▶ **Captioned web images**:
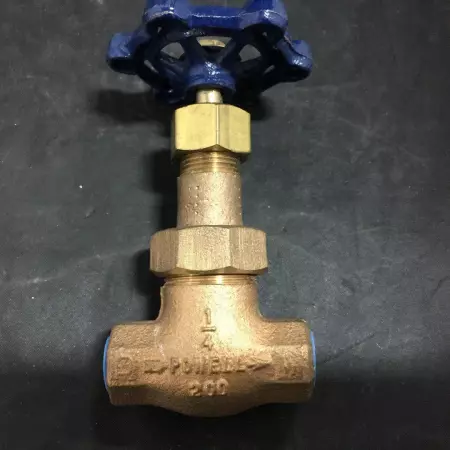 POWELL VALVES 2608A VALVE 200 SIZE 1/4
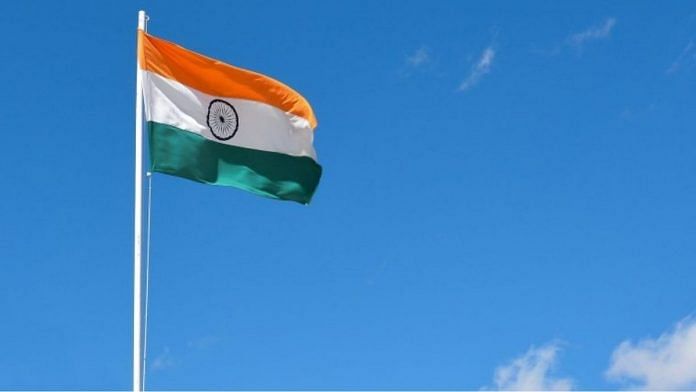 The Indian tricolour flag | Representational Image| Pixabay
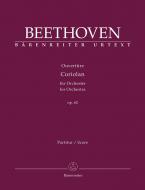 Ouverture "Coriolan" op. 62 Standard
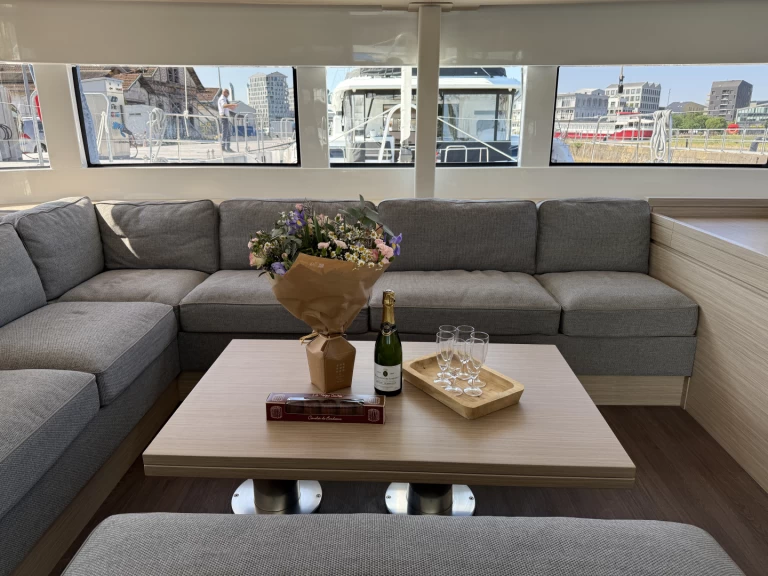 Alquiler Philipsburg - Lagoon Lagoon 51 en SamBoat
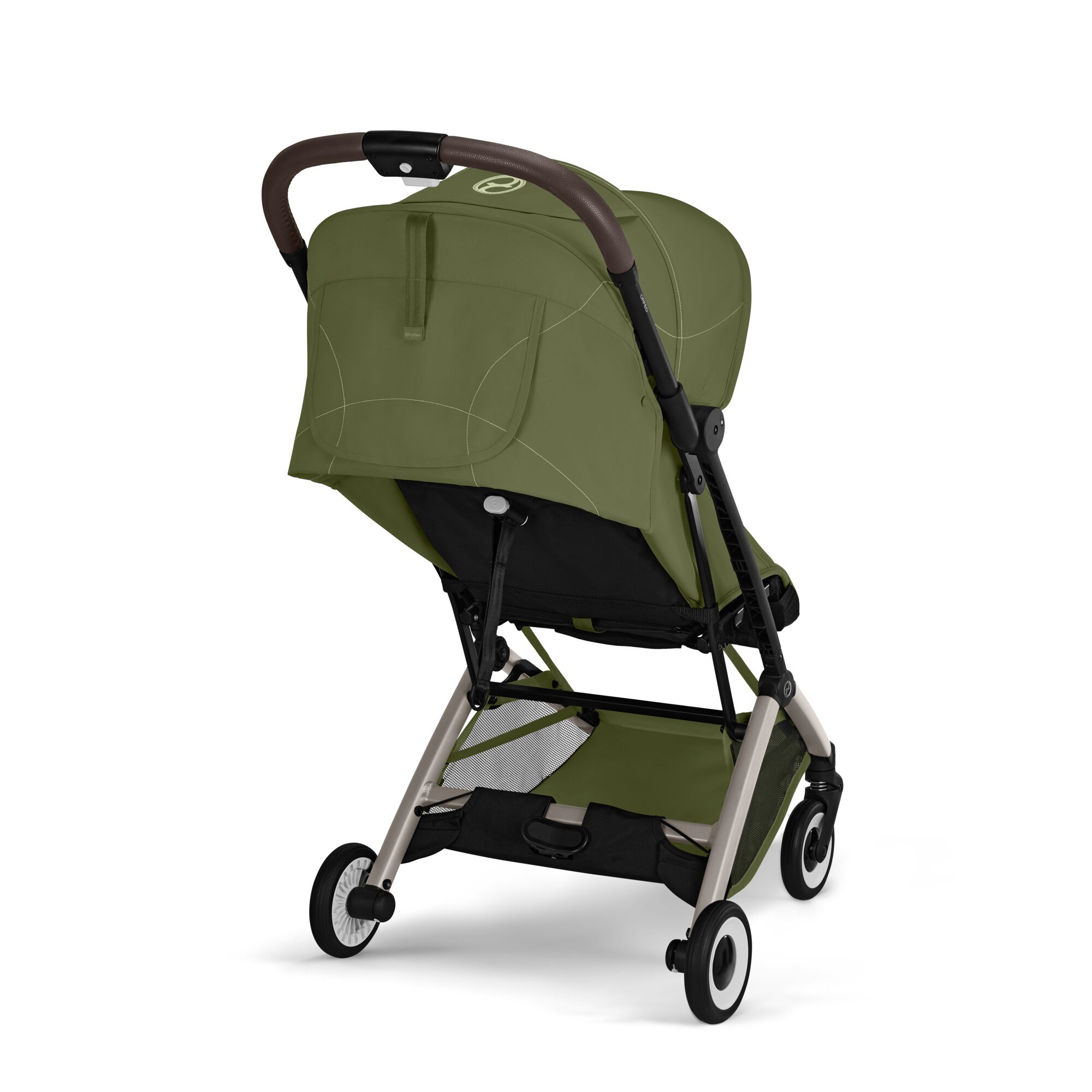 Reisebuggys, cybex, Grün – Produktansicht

▶ **Activity**: The copy you produce must match the entries above exactly, except that it has no pictures.

▶ **Task answer**:
 POWELL VALVES 2608A VALVE 200 SIZE 1/4
 The Indian tricolour flag | Representational Image| Pixabay
 Ouverture "Coriolan" op. 62 Standard
 Alquiler Philipsburg - Lagoon Lagoon 51 en SamBoat
 Reisebuggys, cybex, Grün – Produktansicht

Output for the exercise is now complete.